Technical Analysis and Covered Call Decisions: Looking Back At …

Technical Analysis and Covered Call Decisions: Looking Back At …

Technical analysis is an integral part of our covered call writing decisions for both stock and option selections. It also impacts our exit strategy decisions. KORS has been a favorite of Blue Collar Investors for quite some time as a frequent member of our Premium Stock List. For the week of September 16th through the 20th, KORS was ‘bumped” from our Premium Watch List because of weakening technicals and BCI members were wondering whether to roll the option at expiration Friday. Here is a look at the bearish-leaning price chart that week:

Technical analysis and covered call writing

Since the price of this equity had been rising, most of our members were faced with the decision to either roll the option or allow assignment. The earnings were not due out until November 5th. One of our BCI guidelines is to roll out rather than out-and-up if technicals are mixed. Here is a screenshot of an options chain I created when KORS was trading @ $74.30 and considering rolling out to the $72.50 strike:

KORS options chain as of 9-17-13

When feeding this information into The Ellman Calculator we generate a 1.7%, 1-month return (21% annualized) with 2.4% protection of that profit. If those stats meet your goals, rolling out should be considered.
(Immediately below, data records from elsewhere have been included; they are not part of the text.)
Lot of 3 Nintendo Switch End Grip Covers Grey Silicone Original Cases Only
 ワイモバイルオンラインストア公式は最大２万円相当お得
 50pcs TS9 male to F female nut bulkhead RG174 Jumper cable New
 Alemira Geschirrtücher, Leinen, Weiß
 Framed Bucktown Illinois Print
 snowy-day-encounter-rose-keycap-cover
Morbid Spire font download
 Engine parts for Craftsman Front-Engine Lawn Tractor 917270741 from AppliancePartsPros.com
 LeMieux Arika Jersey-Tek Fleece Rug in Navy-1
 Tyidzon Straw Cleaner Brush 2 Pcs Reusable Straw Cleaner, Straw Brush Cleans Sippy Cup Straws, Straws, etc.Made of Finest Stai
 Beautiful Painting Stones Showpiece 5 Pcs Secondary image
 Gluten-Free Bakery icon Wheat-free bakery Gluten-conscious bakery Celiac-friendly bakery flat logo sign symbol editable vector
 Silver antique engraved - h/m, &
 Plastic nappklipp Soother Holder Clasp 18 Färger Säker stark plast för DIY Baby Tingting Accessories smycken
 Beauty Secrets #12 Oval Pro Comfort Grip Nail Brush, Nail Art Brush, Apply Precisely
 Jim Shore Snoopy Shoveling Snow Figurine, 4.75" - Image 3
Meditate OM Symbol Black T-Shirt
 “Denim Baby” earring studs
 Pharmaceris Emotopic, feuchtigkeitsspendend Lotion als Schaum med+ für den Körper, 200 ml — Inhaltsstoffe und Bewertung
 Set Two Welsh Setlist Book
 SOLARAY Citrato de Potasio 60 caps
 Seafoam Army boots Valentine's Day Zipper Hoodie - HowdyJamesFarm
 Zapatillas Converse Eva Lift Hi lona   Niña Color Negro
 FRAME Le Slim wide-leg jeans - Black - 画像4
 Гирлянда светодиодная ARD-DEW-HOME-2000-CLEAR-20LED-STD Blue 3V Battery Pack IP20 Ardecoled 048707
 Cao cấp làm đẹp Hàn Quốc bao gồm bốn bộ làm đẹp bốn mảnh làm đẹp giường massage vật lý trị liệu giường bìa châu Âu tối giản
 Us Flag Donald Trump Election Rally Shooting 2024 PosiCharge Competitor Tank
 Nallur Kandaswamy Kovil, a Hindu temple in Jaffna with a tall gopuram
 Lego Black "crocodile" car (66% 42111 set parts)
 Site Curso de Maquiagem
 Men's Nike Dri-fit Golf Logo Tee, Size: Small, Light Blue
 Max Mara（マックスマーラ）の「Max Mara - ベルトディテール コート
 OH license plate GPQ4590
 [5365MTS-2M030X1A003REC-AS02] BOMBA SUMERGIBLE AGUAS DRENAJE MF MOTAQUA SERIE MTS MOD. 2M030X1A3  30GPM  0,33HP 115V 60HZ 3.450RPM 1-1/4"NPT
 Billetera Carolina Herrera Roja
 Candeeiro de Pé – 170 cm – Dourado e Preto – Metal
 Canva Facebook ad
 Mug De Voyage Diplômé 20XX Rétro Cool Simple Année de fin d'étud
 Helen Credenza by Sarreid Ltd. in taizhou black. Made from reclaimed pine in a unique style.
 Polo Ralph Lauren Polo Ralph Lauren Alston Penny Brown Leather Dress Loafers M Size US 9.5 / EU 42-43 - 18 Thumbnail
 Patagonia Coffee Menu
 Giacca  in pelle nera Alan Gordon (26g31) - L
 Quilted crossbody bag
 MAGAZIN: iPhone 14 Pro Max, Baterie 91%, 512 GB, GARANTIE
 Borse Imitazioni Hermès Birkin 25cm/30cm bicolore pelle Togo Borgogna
Next, let’s take a look at a chart from that date moving forward:

KORS price chart after 9-17-13

Yellow field: After rolling out, the price holds in the mid-$70s and the 1.7%, 1-month return is realized
Pink field: Because earnings was due on November 5th, we would allow assignment and have our shares sold @ $72.50
Purple field: After a positive earnings surprise on November 5th (note the gap up in price), the chart technicals improved and a more bullish position could be taken as the stock price moved from the high $70s to the low $80s. On Friday, December 20th, KORS was still a member of our premium watch list and trading close to $84.

Technicals are important but not our only considerations. We also view our overall market assessment and personal risk tolerance to make our final covered call writing decisions.


Technical analysis plays a vital role in our covered call writing decisions. We are more inclined to take a bullish stance when technicals are all confirming and bullish and a conservative approach when the technicals are mixed. There are no guarantees that this approach will work every time but it will absolutely throw the odds dramatically in our favor.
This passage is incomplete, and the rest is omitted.